Wednesday, December 21, 2011

Review: Break by Hannah Moskowitz


Break by Hannah Moskowitz

Pages: 262
Publisher: Simon Pulse
Published: August 25th, 2009
IBSN: 9781416982753

Jonah is on a mission to break every bone in his body. Everyone knows that broken bones grow back stronger than they were before. And Jonah wants to be stronger—needs to be stronger—because everything around him is falling apart. Breaking, and then healing, is Jonah’s only way to cope with the stresses of home, girls, and the world on his shoulders.

When Jonah's self-destructive spiral accelerates and he hits rock bottom, will he find true strength or surrender to his breaking point?

Jonah believes that the family is the smallest unit of measurement. He and his brothers and his parents aren't components of a family, in that they can't be split apart from the family. With a brother deathly allergic to pretty much everything, including their newborn brother, and parents constantly at odds, Jonah decides he needs to be stronger in order for the family to be stronger.

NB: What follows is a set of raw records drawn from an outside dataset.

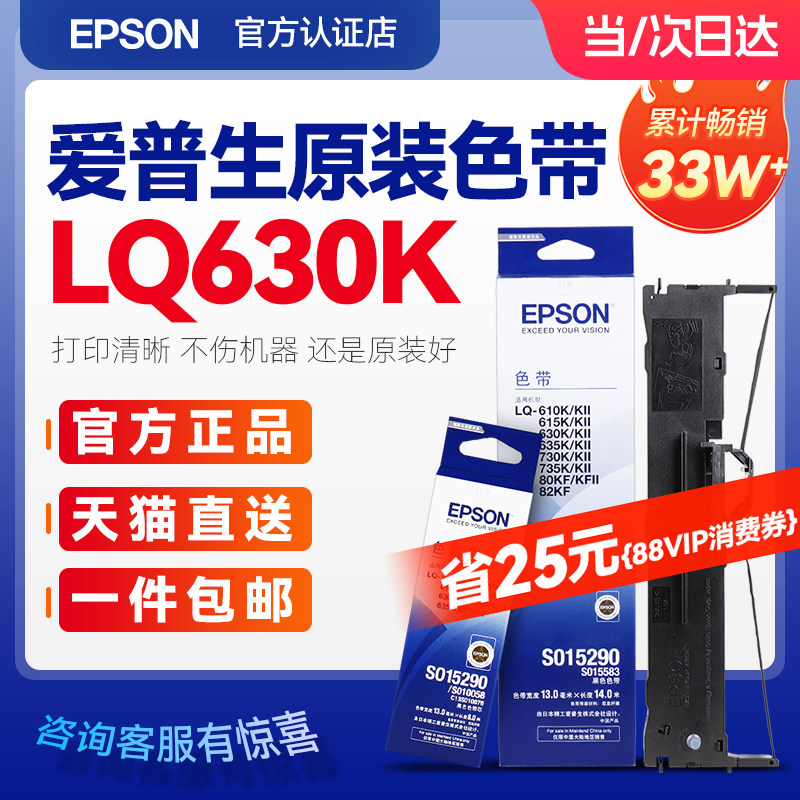 Оригинальный держатель ленты Epson ribbon 630K с ленточным сердечником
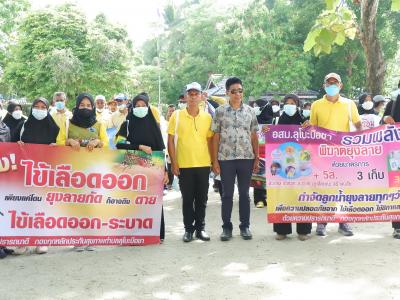 โครงการรณรงค์การใช้ถุงผ้าแทนถุงพลาสติก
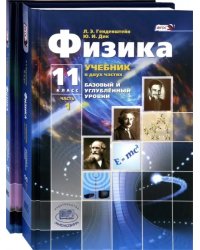 Физика. 11 класс. Учебник. В 2-х частях. Базовый и углубленный уровни. ФГОС (количество томов: 2)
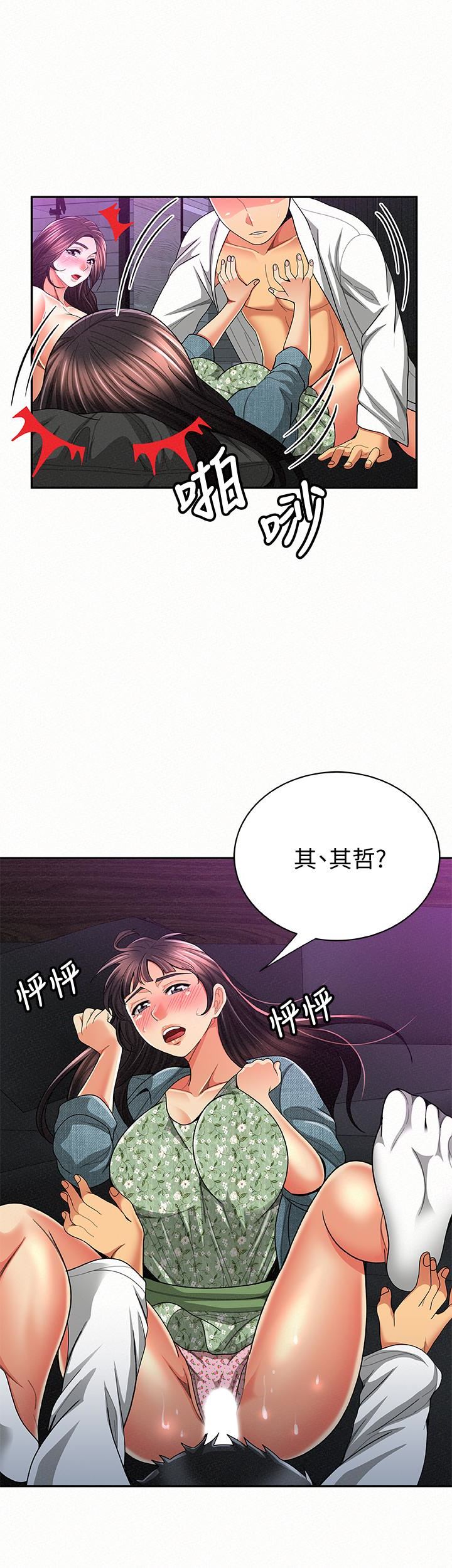 [韩国漫画] 报告夫人 爱情,熟女人妻,巨乳大奶,女学生#[28P]-17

So begins Jonah's mission to break his bones and have them heal stronger. No, it isn't as pointlessly self-destructive as it sounds. It started with a car accident that broke both femurs, and evolved to intentionally taking a few fingers, a wrist, a rib. "The first feeling is pain...the feeling that never comes in regret."

Break appeared on my radar after I read the wonderful Invincible Summer, Hannah Moskowitz's sophomore novel. Going back to her debut of two years prior, I was worried that IS set me up for disappointment, but while I could see how Hannah's writing developed between the two, Break was still an highly emotional and enjoyable read.

Hannah Moskowitz's style is raw and arresting, adopting a common family setting teeming with stress and worry and love and pulling it off with the believability of someone who's been there. The dynamics are so realistic and touching. The bond between Jonah and Jesse especially, both constructive and destructive at the same time, felt so real, and the exploration at their impact on each other's lives felt so deeply personal that remembering them as fictional characters came as a shock.

The characters' conflicts and motivations, the dynamics between them, their situations: everything is realistic and gritty. Hannah Moskowitz is skilled in bringing to life the most difficult and complicated of relationships and characters and making them relatable.

Break is a powerful and personal contemporary family drama I'd recommend to fans of Courtney Summers' novels. It's one lovers of Invincible Summer should check out to help pass the time until Gone, Gone, Gone's April release.